Are the tattoos that grace—like so many exotic birds—the shoulders and arms of the new girls (and boys) of summer examples of some “degenerate form of the ideal?”
With Levinas, we must ask whether contemporary tattooing is a cultural movement which attempts to anesthetize the struggle of spirit and flesh by blending them together and erasing that “duality of a free spirit that struggles against the body to which it is chained.” Is extreme tattooing a youth fad of pretty chains?
Our answer can be found in Levinas’ account of freedom’s discovery in the Old Testament where man discovers “a supernatural possibility to… regain the nudity he had during the first day of creation.” Levinas goes on to tell us that the “equal dignity of each and every soul… is due to the power given to the soul to free itself from what has been, from everything that linked it to something or engaged it with something so it can regain its first virginity.” True freedom lies in the soul’s nudity and first virginity which comes from its distinction from the flesh.
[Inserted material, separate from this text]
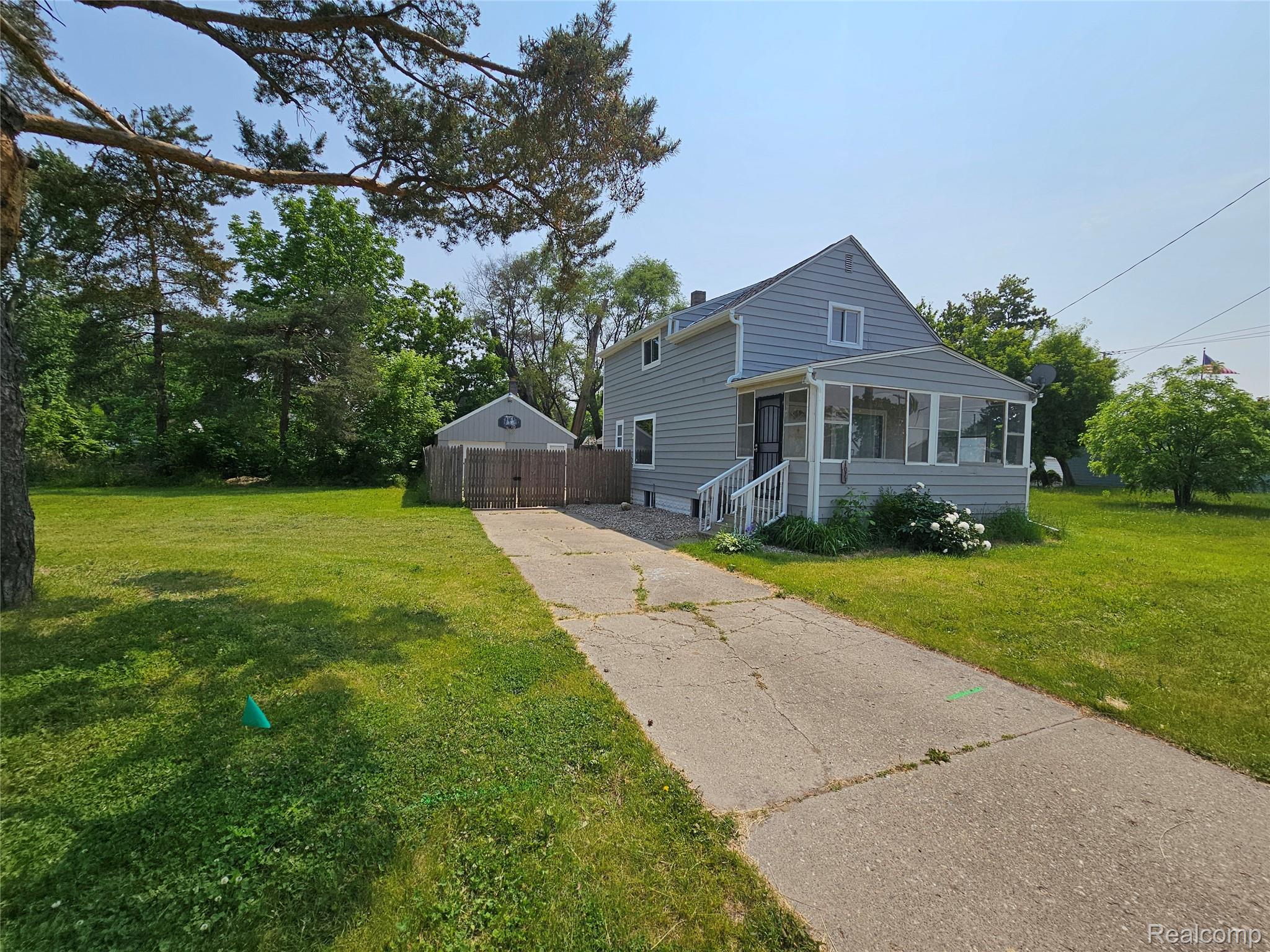 1073 W Bristol Road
Freedom lies in our will to free ourselves from our private history which tattoos seek to incarnate, or rather incarcerate, in the flesh.
And so we now know why the look of a young girl colorfully embossed with tattoos makes old men feel older; and the look of a young woman, limbs all unlimbered and new makes old men feel young. It’s the look of natality and freedom.
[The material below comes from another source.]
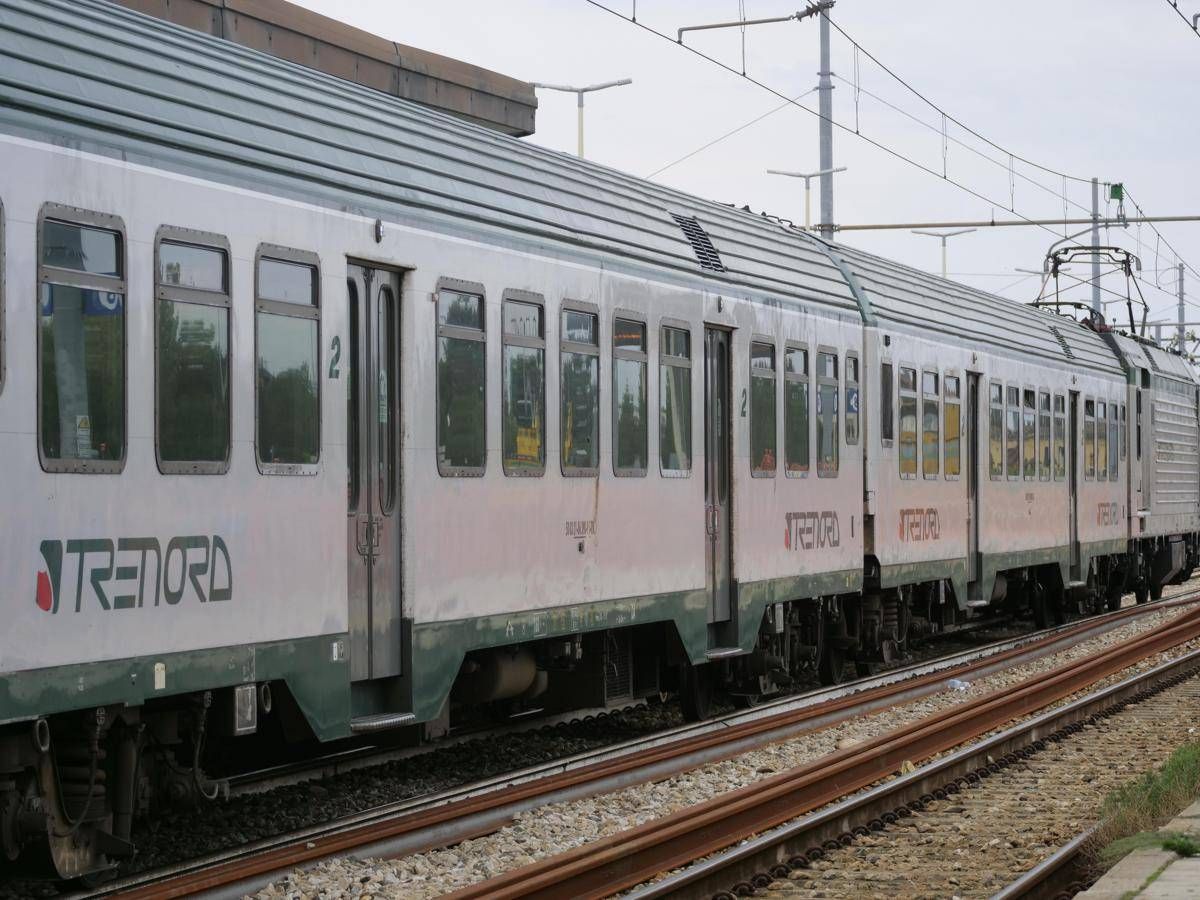 Treni cancellati e ritardi fino a 30 minuti, caos sui binari tra Como e Milano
Truly, the new boys and girls of summer wearing animal totems on their arms and runes on their shoulders are not the brown shirts of the SA. But we are forced to face that we live in the same spiritual world Emmanuel Levinas explored in 1934. That world remains the world of Judaism, Christianity, and Islam—the religions of Abraham—which find tattoos morally dubious, or evil. Now we know why.
The redeemed soul’s nakedness in God’s creation, and the body’s nakedness as the image of the soul, are ideals upon which civilization as we have known it depends. Is it any wonder so much western art and sculpture has been devoted to the unblemished nude?
And so, it is for this reason that we must worry over the young, who fill the hookah bars, and microbreweries, the vintage clothing stores and the boulevards wearing tattoos—too, too many tattoos.